Backlog Management Under Runway Pressure

I managed Pier's backlog by tying work to decision value: product evidence, customer learning, pilot readiness, value-map truth, and commitment confidence.

  • Backlog management
  • Prioritization
  • Scope control
  • Decision design

Problem

Pier had more plausible work than capacity, and limited runway made activity volume less useful than better allocation.

What I owned

I used ranked assumptions, product evidence requests, kill / continue / double-down decisions, and explicit cut rules to keep work tied to the next real decision.

Result

The backlog reflected the company's actual risk instead of becoming a neutral list of useful tasks.

Internal planning records and founder context have been summarized for public use.

The situation

Pier had more possible work than capacity, and runway was limited. That made backlog management a strategic problem, not an administrative one.

The question was not whether a task was useful. Many tasks were useful. The question was whether the work changed what the team could decide, ship, validate, or trust next.

That is the uncomfortable part of prioritization under pressure: useful work still has to lose when it does not change the next commitment.

The approach

The operating rule I used was simple: better allocation, not more activity. Work had to change a real decision. Did it reduce the most important uncertainty? Did it produce product evidence Brandon could build from? Did it create customer or investor signal David could use? Did it improve pilot readiness, customer learning, value-map truth, or commitment confidence?

If not, it had to move down the list, even if it looked reasonable.

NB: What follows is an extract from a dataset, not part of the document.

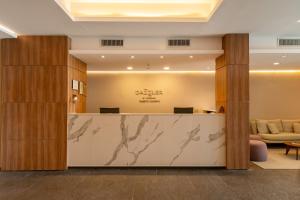 a lobby of a hotel with a reception desk at Dazzler by Wyndham Puerto Madryn in Puerto Madryn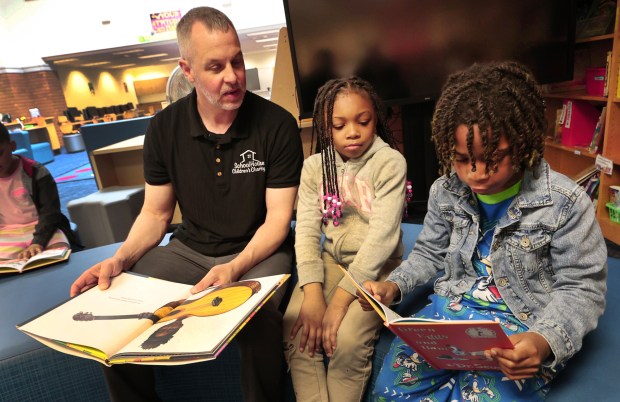 First grader teacher and School House Children's Charity fonder Brian Andreshak (left) listens to second grader Camron Jackson 7, (right) reads as Brooklyn Beal, 7, (center) waits her turn during the 2nd Annual Mother's Day Book Give Away hosted by the School House Children Charity at Glen Park Academy in Gary on May 10, 2024. (John Smierciak/Post-Tribune)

Sometimes direct customer validation mattered more than acquisition infrastructure. Sometimes pilot communication and value-map truth mattered more than broader ideation. Sometimes plausible automation work had to be named as the first cut if the week overloaded.

What I built

  • ranked assumptions
  • priority product evidence requests
  • dated kill / continue / double-down decision points
  • sprint cut rules for overloaded weeks
  • a backlog habit centered on decision value instead of task volume

Why it matters

In search mode, the backlog is a model of uncertainty. A task is high priority only if it changes the next commitment, customer outcome, product truth, or learning loop.

The point was not to keep the backlog tidy. It was to make the backlog reflect the company’s actual risk.

Result

The team had a clearer way to protect the work that mattered most under runway, customer, product-readiness, and capital pressure.

What I learned

Backlog management is not tidiness. It is deciding which uncertainty deserves the next hour.